Something I’m not seeing yet in these comments is a discussion of the other automakers’ implementation of the same features.
Nearly every other luxury automaker has an automatic steering and lane change feature as well.
I think that other automakers will be hit with similar lawsuits regardless of what the driver assist system is called, because it will be easy to argue that the driver assistance systems assume some percentage of responsibility while active, and because you don’t have to win a lawsuit to reach a favorable settlement.
Tesla may pay out more than other automakers due to its optimistic marketing.
> Something I’m not seeing yet in these comments is a discussion of the other automakers’ implementation of the same features.
Because these threads always become Tesla hate instead of an objective analysis.
All of these lane centering ADAS (including Autopilot) will kill you if you leave them unattended long enough (usually by taking a tight off-ramp at an unsafe speed). These is very evident to people who actually use these systems.

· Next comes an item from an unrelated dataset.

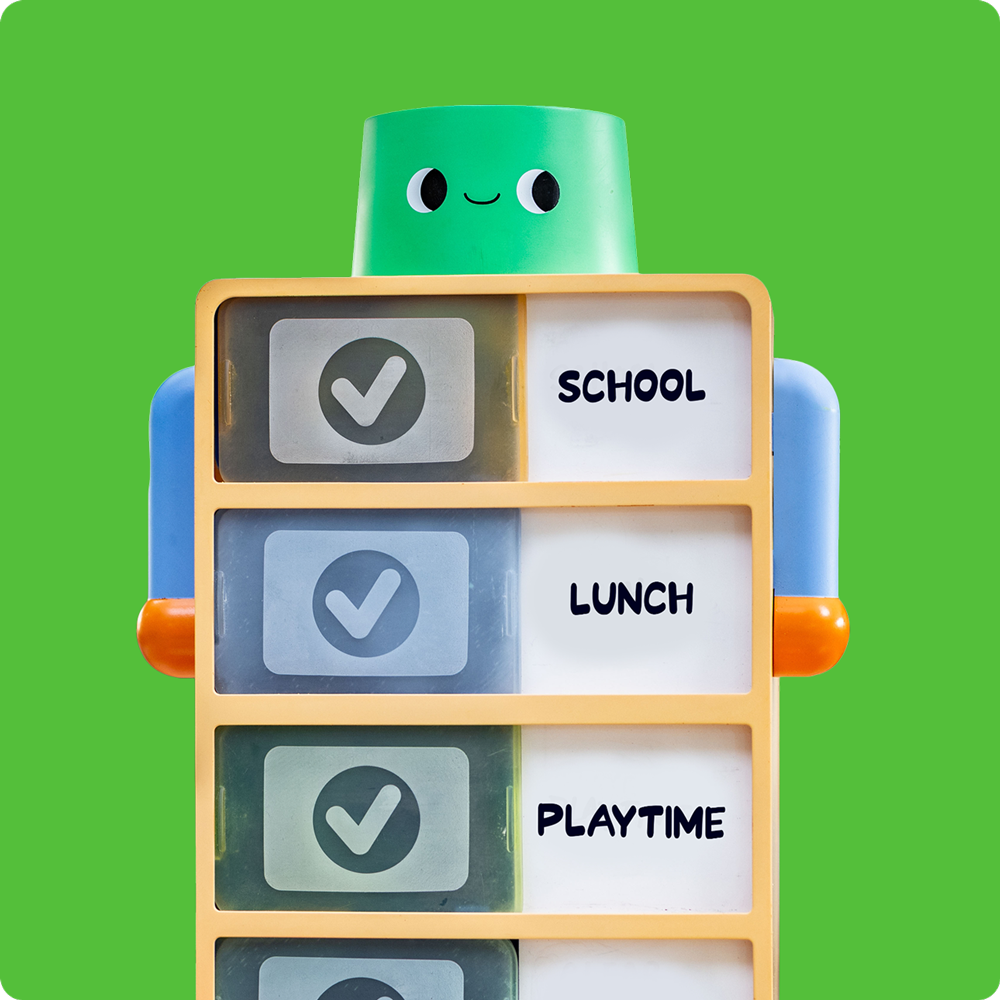 Routine Robot toy from the Routine-Builder Bundle, showing School, Lunch, and Playtime task tiles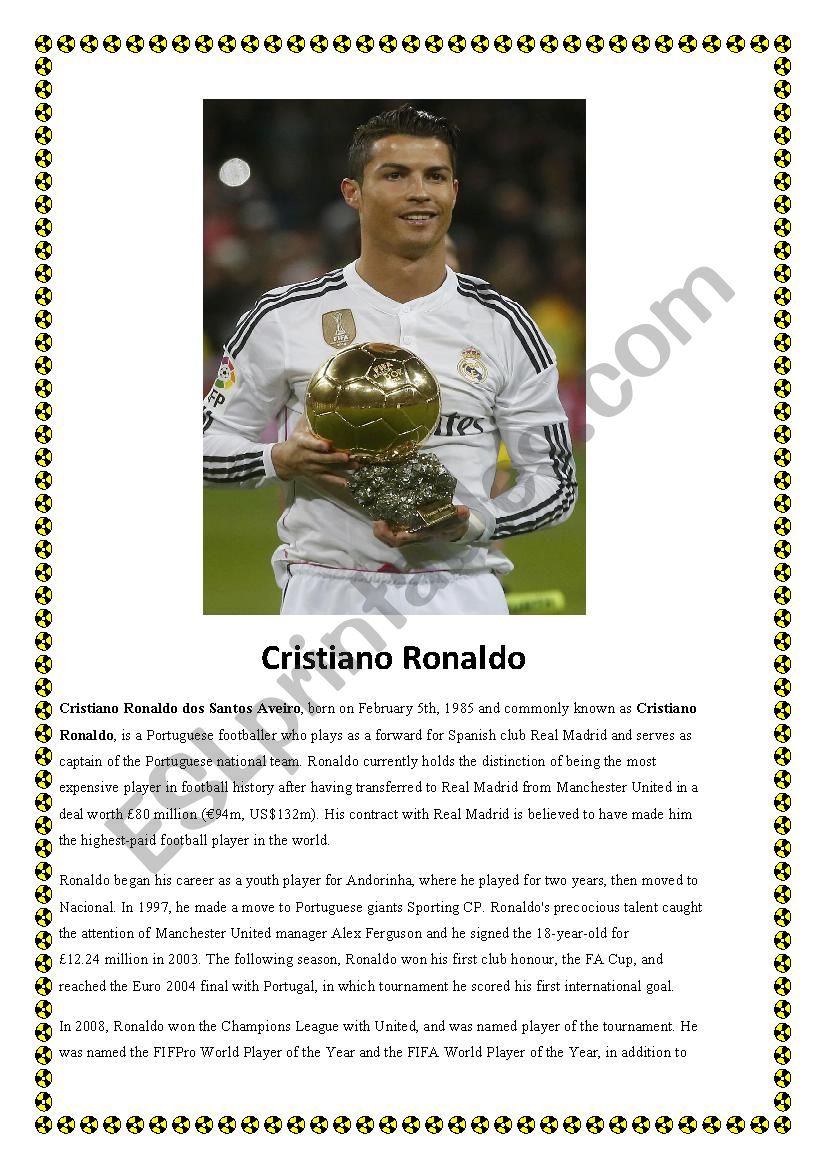 Cristiano Ronaldo worksheet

And there's nothing wrong with such behavior, it's an L2 system. Cruise Control will also kill you. These systems have been on the road for a long while and people aren't dying left and right because of it, they are empirically reasonably safe. They're probably a net positive as they likely drastically reduce rear ends.
People just get riled up at one off accidents because they make the news.
I hope Tesla pays lots in damages and then keeps improving their systems. If they’re truly below the rate of human error when segmented by scenario there’s no reason for a ban.
I also wish they’d knock it off with purposefully misleading marketing. They have a decent product but for whatever reason their CEO feels like compulsively lying about it.
It will just not happen as long as self-driving cars and humans share the same roads. AI will never be better at avoiding a playing child who accidentally stepped on the road as an average human driver.
If we want self-driving cars to become a reality, we should instead make separate roads, and let the drive there. Some analogue to railroads, that are used exclusively by trains.
> AI will never be better at avoiding a playing child who accidentally stepped on the road as an average human driver.
What makes you so confident?
I'd argue for the reverse-- there is absolutely no way that humans are able to compete long term, because human reaction time and focus/attention is inherently limited-- as soon as computer vision starts to outperform, humans will NEVER become competitively safe drivers again (could be 5 years, could be 50, who knows, but this seems EXCLUSIVELY a matter of time, especially considering the progress we made in the last decades).
You misunderstood my point. I'm not saying that humans are always "better", just that humans are better in mixed environment. In controlled roads without humans, AI can be clearly better even today.
I don't see how the mixedness of the environment changes anything; sure, a mixed-driver environment is more difficult to navigate because traffic participants are less predictable, but this effectively just delayes the point slightly at which AI will simply outperform even the best humans, right?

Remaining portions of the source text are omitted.